Rice. 3. Patient T. Swelling of the feet. painful hypoesthesia of the “sock” type, loss of Achilles reflexes on both sides. According to ENMG data, a decrease in the speed of impulse conduction was recorded during antidromic stimulation of the sensory endings of the sural and superficial peroneal nerves on both sides. Thus, along with plexopathy, the patient was diagnosed with damage to another part of the peripheral nervous system in the form of distal sensory-vegetative polyneuropathy of the lower extremities. The lack of data on the paraneoplastic process suggests that the most likely cause of the development of polyneuropathy in the observed patient is an autoimmune mechanism. In addition, given the patient's low body weight, it is possible to assume metabolic damage to the nerves of the lower extremities.
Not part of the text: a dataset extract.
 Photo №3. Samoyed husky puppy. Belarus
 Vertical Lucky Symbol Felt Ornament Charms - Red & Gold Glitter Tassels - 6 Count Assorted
Taking into account the progression of neurological symptoms, an increase in the titer of antibodies to GAD, and the absence of changes in esophagogastroscopy, a course of pulse therapy with methylprednisolone was administered at a dose of 1000 mg 5 times. The patient was consulted by a physical therapy doctor, physical therapy was selected, and Trental and neurometabolic therapy (thioctic acid, Keltican complex) were added to the therapy. The patient was discharged in a stable condition, however, no significant changes in symptoms of damage to the peripheral nervous system were noted.